Gross profit rose by 52.4% from N77.917 billion in H1 2021 to N118.736 billion in H1 2022 while marketing, distribution and administration expenses surged by 44.8 percent to N84.896 billion from N58.628 billion.

Results from operating activities expanded by 79.9% to N35.840 billion, up from N19.917 billion achieved in H1 2021.

Nigerian Breweries grew profit before tax to N25.697 billion in the period under review from N11.940 billion filed in H1 2021.

The company paid N6.954 billion in income tax to post N18.743 billion profit after tax. This represents an increase of N142.8% growth from N7.858 billion recorded in H1 2021.

In a press release signed by Uaboi G. Agbebaku, Esq., Company Secretary, Nigerian Breweries said profitability was driven by the company’s pricing strategy and better mix.

However, the increase in the cost of sales was attributed to the recent surge in commodity prices due to internal and external factors.

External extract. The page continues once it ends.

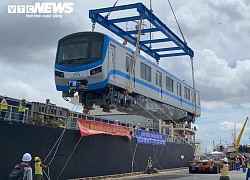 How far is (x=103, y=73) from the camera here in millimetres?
15570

“The increase in operating profit and profit after tax was driven mainly by top line growth resulting from our pricing strategy and better mix. Increase in cost of sales was due to rise in commodity prices. Marketing, distribution and administration expenses were driven by the increase in commercial activities, rising diesel prices and higher wages arising from collective labour agreements,” the company stated.

“Although interest expenses were lower, the net finance cost was higher due to foreign exchange losses arising from a higher cost of meeting foreign obligations to overseas partners.

“Our business continues to build momentum and deliver consistent profitable growth even in the context of a very challenging operating environment. Our best-in-class portfolio of brands provides a unique platform that positions us well to lead and grow the beer and malt category and drive superior long-term value creation.”